As I’ve written about previously, I’m presently conducting research on the 1990s as a unique phenomenon in the protest music genre. Usually, when we think of protest songs, we think of Bob Dylan, Pete Seeger, or Creedence Clearwater Revival singing “Fortunate Son.” These artists all came from the 1960s, a time of rebellion, revolution, and military conscription into the Vietnam War. Maybe we think of the punk anarchy movements of the 1970s and ’80s. We don’t usually think of the years between 1989’s crumbling of the Berlin Wall and 2001’s terror attacks in America as being protest-worthy. Yet, pop music was rife with protest songs. Apartheid, feminism, LGBT+, racism/police brutality, and environmentalism exploded in songs that stood as accusations against harmful behaviors. This interested me, and few have written about it.
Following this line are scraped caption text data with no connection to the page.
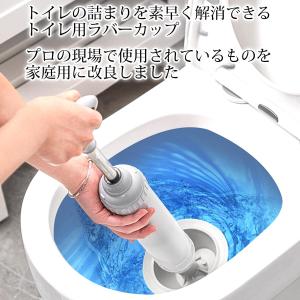 トイレ つまり解消道具 ラバーカップ すっぽん...の詳細画像2
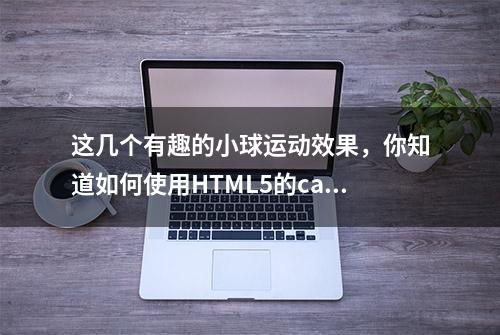 这几个有趣的小球运动效果，你知道如何使用HTML5的canvas实现吗？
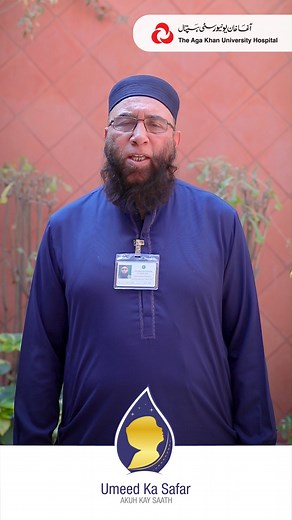 Retinoblastoma: Early detection saves vision and life. Watch this important message from Dr. Rashid Baig Consultant Ophthalmologist at AKUH and learn how to protect your child's vision from this cancer. Join us on our #UmeedkaSafar and understand the signs, symptoms, and the importance of regular check-ups. Learn more about Dr. Rashid Baig: https://bit.ly/DrRashidBaig-AKUH #Retinoblastoma #ChildhoodCancer #EyeHealth #AKUH | Aga Khan University Hospital Pakistan - AKUH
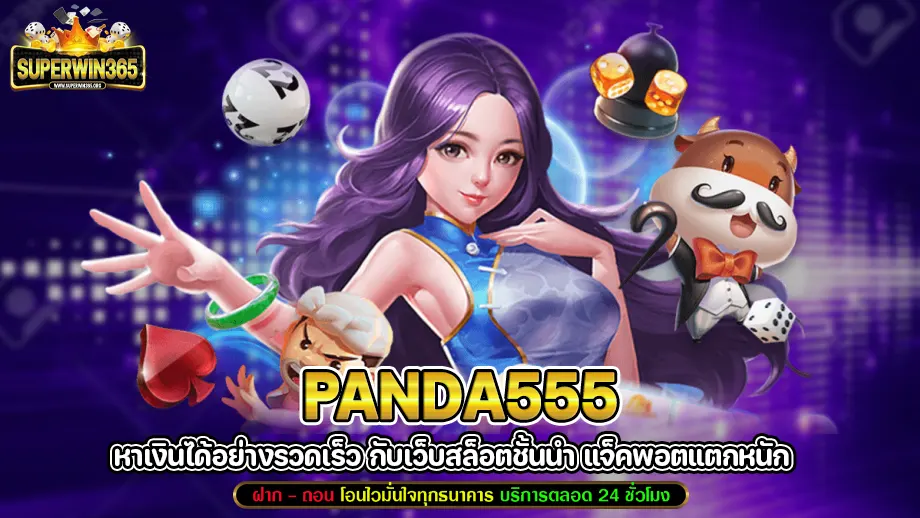 panda555 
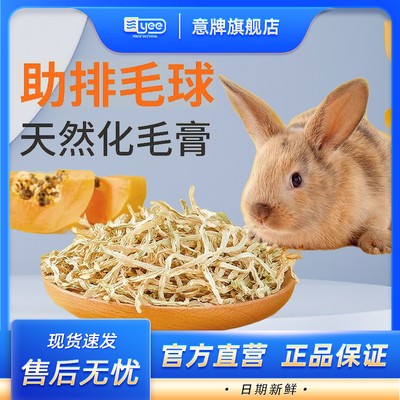 YEE兔子零食天然木瓜丝磨牙食物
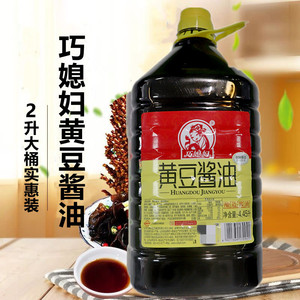 巧媳妇酱油大桶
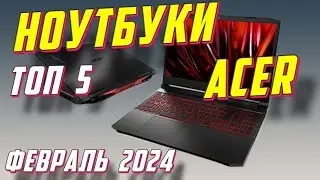 НОУТБУКИ ACER ТОП 5 ФЕВРАЛЬ 2024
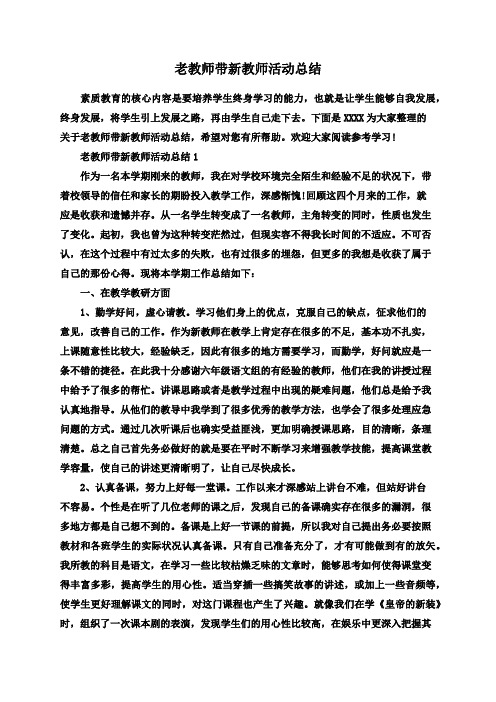 老教师带新教师活动总结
I started this project literally from scratch. No one had a comprehensive database of protest music. There might be datasets with topic-specific songs (anti-war, for example) but no database that includes all songs of rage. So I got to work building one.
The first thing I did is grab as many anti-war songs I could find in pop music. I ended up with about 1,200 noteworthy songs initially. I had to exclude a lot of songs from independent musicians or songs that didn’t seem to exist at all. In order to make my list, the songs had to be noteworthy enough to chart, have a Wikipedia page dedicated to it, or to have appeared on television or in a movie, or to have found subsequent fame.
So I dumped all of these songs into Excel and made my little chart according to year and number of anti-war protest songs. And this is what I found with this initial list of songs.

The graph has more-or-less predictable peaks and valleys, which I’ve labeled. Popular music didn’t really exist before 1950, so I started there. It took about a decade to ramp up, but once Nixon was in office and the Vietnam War raged, so too raged musicians.
Once Nixon left office, things settled down (for a very short time). Anti-nuclear war/Cold War songs create the next major peak, especially during the Reagan years when the threat of nuclear war was higher than normal (at first, then it settled down as Reagan took disarmament surprisingly, or at least relatively, seriously).
We all know the tale. Strangely, the Cold War evaporated into thin air—practically overnight. And with the Cold War went the songs of war. Well, mostly.
In his song, “Right Here, Right Now” (1991), Jesus Jones ushered in the new era by proclaiming:
I was alive and I waited, waited I was alive and I waited for this Right here, right now there is no other place I want to be Right here, right now watching the world wake up from history
Let me repeat that last line: “watching the world wake up from history.” This song is singer Mike Edwards’ proclamation that he survived the Cold War, and he’s now witnessing the victory of peace over the threat of nuclear annihilation. Jesus Jones seems to, perhaps knowingly (?), capture the sentiment of so many Western political scientists at the time, especially Francis Fukuyama and his “End of History” hypothesis. Few sang about war anymore.
Sure, some musicians still sang about militarized violence in Latin America and sub-Saharan Africa, and, of course, U2 and the Zombies (to name just two) were deeply troubled by the violence that plagued Ireland.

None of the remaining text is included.